EXERCISE INSTRUCTIONS
Retype the opening lines of the data exactly, stopping after the line that contains "Glücklich drei Teenager-Kinder, jungen". Skip every picture.

COLLECTED MATERIAL
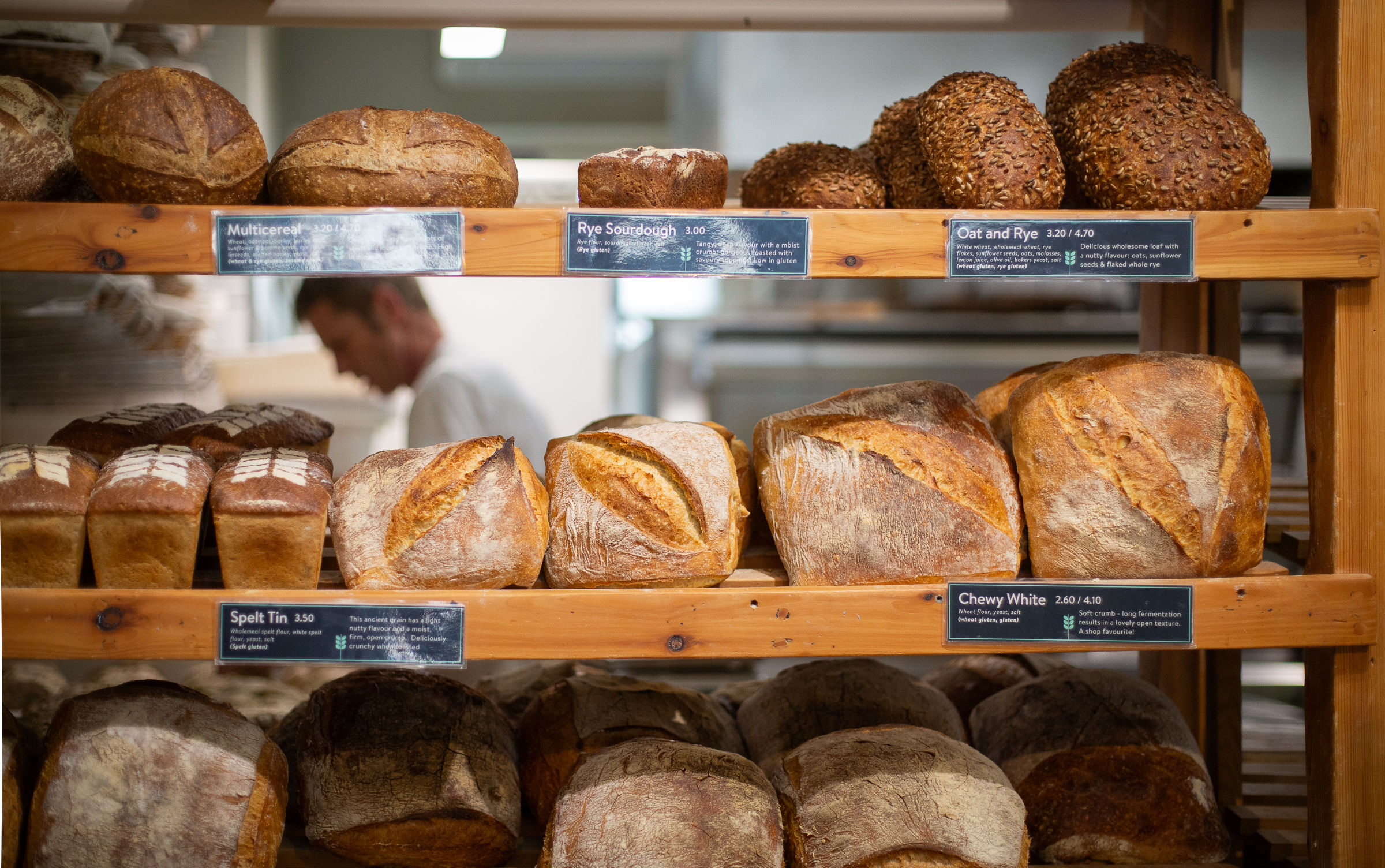 Loaves of bread on a shelf at Open Bakery Brighton. three shelves of goodies
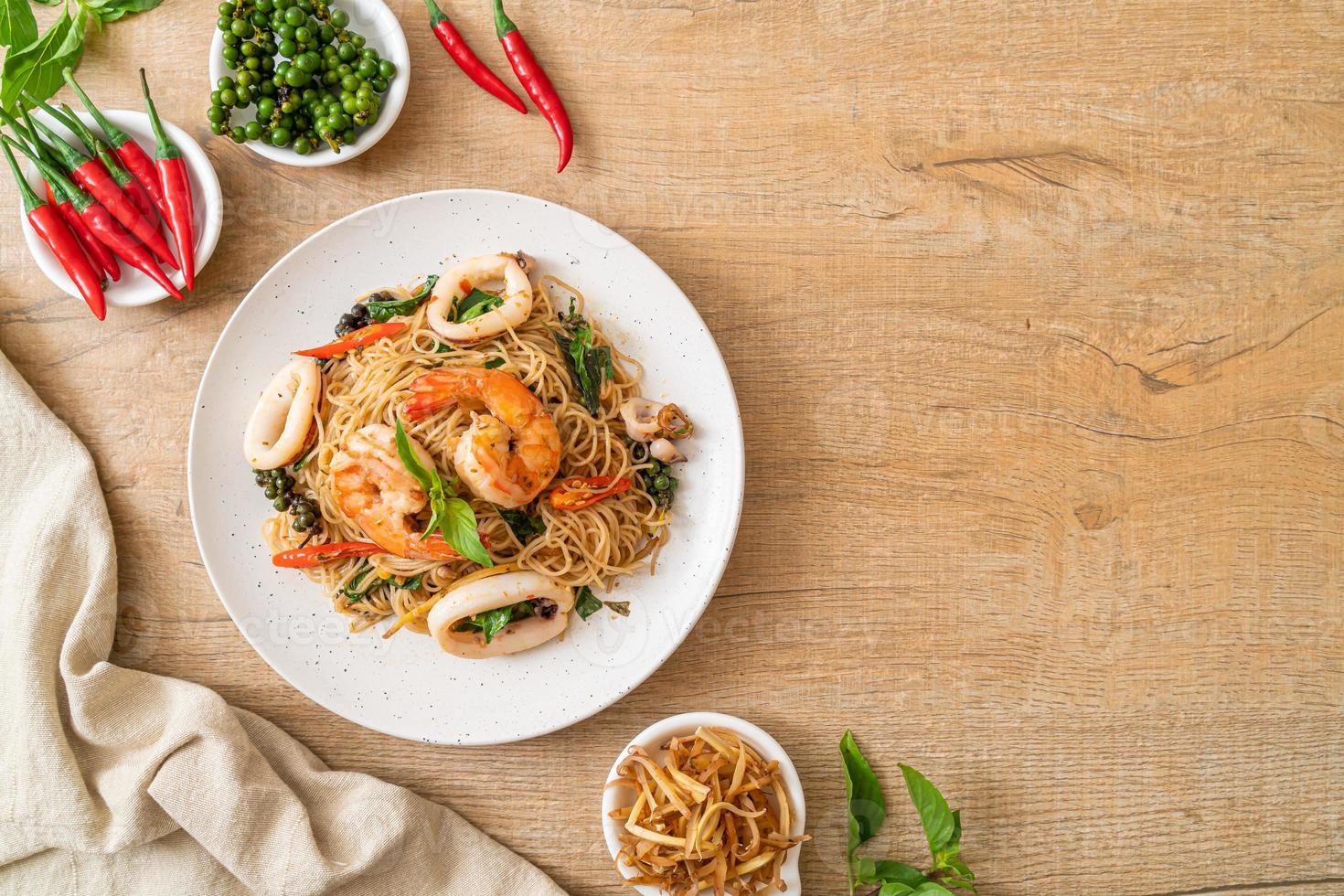 gebratene chinesische Nudeln mit Basilikum, Chili, Garnelen und Tintenfisch - asiatische Küche foto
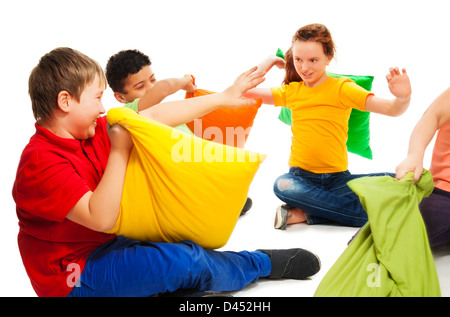 Glücklich drei Teenager-Kinder, jungen und Mädchen beginnen im Kampf mit Kissen, lachen und Spaß, isoliert auf weiss Stockfoto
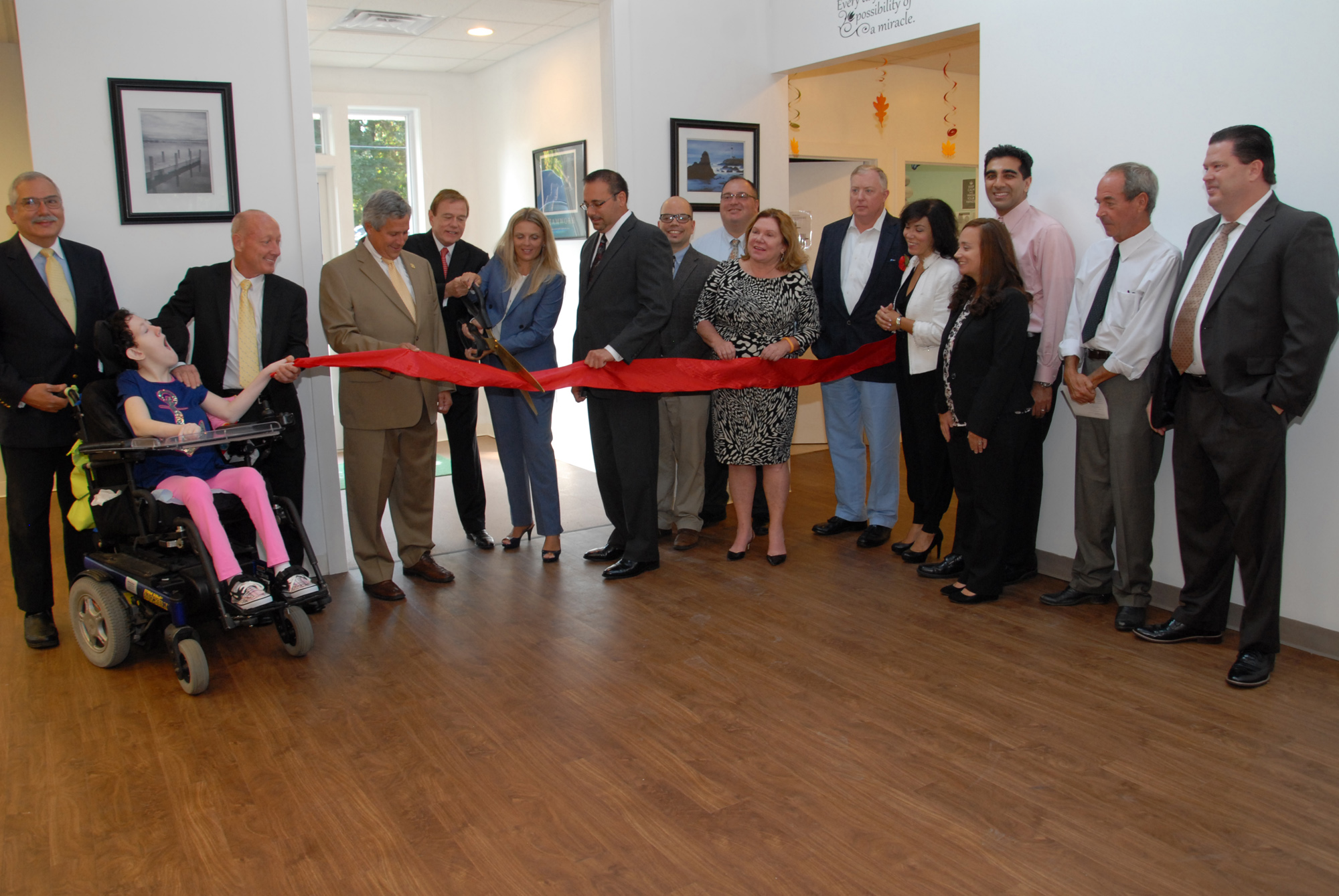 From left: Philip Lian, COE Board member; Kimberly Spano; James Spano, COE Board member; Senator Christopher 'Kip' Bateman; Robert Stack, President and CEO of Community Options, Inc.; Svetlana Repic-Qira , Community Options, Inc. Regional Vice President of New Jersey;Anthony Ferrera, Administrator/Deputy Township Clerk for Hillsborough Township; David Kois, Business Advocate for Hillsborough Township; Daniel Surtz, COE Board Member; Gail Gordon, COE Board Member; Alec Taylor, COE Board Member; Linda Thomas, member of the Red Ribbon Academy's Parent Group; Dr. Baber Ghauri, COE Board Member; Courtney Eidel, Chief Administrative Officer of Community Options, Inc.; Paul Hritz, COE Board Member and David Sweeney, Chief Financial Officer of Community Options, Inc open the new Red Ribbon Academy in Hillsborough, NJ.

EXERCISE SOLUTION
 Loaves of bread on a shelf at Open Bakery Brighton. three shelves of goodies
 gebratene chinesische Nudeln mit Basilikum, Chili, Garnelen und Tintenfisch - asiatische Küche foto
 Glücklich drei Teenager-Kinder, jungen und Mädchen beginnen im Kampf mit Kissen, lachen und Spaß, isoliert auf weiss Stockfoto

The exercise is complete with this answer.